Given $X(t) = t W(1/t)$, I want to show that $X(t)$ is a Brownian Motion. Specifically, I want to show it using Levy's Characterization of Brownian Motion. Levy's Characterization of Brownian Motion states that if a process is almost surely a continuous martingale with $X(0) = 0$ and quadratic variation $t$, then the process is a Brownian Motion. I know how to show the continuity of $X(t)$ and that the quadratic variation is equal to $t$, but it is not clear to me why this process is a martingale. In my attempt to show this I have done the following:
\begin{align} E(X(t) | \mathcal{F}_s) &= E(t W(1/t) | \mathcal{F}_s)\\\\ &= tE(W(1/t) | \mathcal{F}_s)\\\\ &= t W(1/s). \end{align} My understanding is that the martingale property states that $E(X(t) | \mathcal{F}_s) = X(s)$, so, in this case, we would need $E(tW(1/t) | \mathcal{F}_s) = sW(1/s)$ which we do not have. Is this correct or am I mistaken?
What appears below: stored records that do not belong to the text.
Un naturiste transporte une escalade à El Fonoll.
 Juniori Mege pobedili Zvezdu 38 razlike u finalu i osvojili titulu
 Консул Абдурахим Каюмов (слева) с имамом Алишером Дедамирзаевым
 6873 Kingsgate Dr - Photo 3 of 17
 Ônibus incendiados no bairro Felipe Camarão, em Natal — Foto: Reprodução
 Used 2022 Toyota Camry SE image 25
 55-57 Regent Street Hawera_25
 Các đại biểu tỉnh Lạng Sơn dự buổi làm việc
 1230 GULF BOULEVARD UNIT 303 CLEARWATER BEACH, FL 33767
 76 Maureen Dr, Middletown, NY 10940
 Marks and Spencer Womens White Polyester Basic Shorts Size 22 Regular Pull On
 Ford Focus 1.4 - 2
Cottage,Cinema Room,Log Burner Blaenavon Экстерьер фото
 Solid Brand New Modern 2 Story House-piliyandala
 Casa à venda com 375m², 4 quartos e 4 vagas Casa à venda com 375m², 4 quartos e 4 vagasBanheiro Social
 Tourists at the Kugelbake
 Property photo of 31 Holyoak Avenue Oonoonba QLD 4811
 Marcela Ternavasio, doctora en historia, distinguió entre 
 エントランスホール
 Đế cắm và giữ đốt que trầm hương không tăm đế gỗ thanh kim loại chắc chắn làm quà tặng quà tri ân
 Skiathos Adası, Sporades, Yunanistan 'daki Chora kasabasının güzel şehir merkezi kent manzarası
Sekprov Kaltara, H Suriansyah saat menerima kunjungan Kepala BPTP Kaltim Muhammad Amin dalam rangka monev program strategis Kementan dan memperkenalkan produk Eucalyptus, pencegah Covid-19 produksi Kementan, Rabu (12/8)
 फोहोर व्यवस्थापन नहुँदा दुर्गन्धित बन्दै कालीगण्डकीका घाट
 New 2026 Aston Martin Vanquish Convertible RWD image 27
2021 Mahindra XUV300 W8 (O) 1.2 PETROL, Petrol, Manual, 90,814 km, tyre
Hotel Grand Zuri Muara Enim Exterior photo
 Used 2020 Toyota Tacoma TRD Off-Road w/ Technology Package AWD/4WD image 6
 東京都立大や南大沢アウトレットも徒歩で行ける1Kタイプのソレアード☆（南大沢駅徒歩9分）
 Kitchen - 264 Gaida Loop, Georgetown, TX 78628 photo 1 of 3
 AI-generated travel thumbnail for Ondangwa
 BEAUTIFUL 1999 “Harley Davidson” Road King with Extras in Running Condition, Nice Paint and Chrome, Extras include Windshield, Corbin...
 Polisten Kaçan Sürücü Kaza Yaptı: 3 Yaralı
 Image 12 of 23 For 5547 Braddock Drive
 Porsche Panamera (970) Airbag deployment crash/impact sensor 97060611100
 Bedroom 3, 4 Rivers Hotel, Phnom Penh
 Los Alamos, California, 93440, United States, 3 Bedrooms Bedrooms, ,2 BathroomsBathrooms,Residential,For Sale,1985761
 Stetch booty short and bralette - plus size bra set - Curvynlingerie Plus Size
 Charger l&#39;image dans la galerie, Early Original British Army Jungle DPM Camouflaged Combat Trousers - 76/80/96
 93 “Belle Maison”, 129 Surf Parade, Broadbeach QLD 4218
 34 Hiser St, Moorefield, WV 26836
We need to compute $E[W(1/t)|W(1/s)]$ for $s < t$, or equivalently we need to compute $E[W(t)|W(s)]$ for $t < s$. We make a guess that $E[W(t)|W(s)] = \beta W(s)$ for some constant (possibly depending on $t$ and $s$) $\beta \in \mathbb{R}$. Now, note that we must have $$0 = E[W(s)(W(t)-E[W(t)|W(s)])] = E[W(s)(W(t)-\beta W(s))],$$ so solving for $\beta$ we have $\beta = \frac{E[W(s)W(t)]}{E[W(s)^2]} = \frac ts$. Furthermore, since $W(s)$ and $W(t)-\beta W(s)$ are jointly normal, the fact that they are uncorrelated implies that they are independent, so we confirm that our guess $E[W(t)|W(s)] = \beta W(s)$ is correct.
Applying this to the problem we had originally, $E[W(1/t)|W(1/s)] = \frac{1/t}{1/s} W(1/s) = \frac st W(1/s)$, so \begin{align*} E[X(t)|\mathcal F_s] &= t E[W(1/t)|W(1/s)] \\ &= t \left( \frac st W(1/s) \right) \\ &= s W(1/s) = X(s). \end{align*}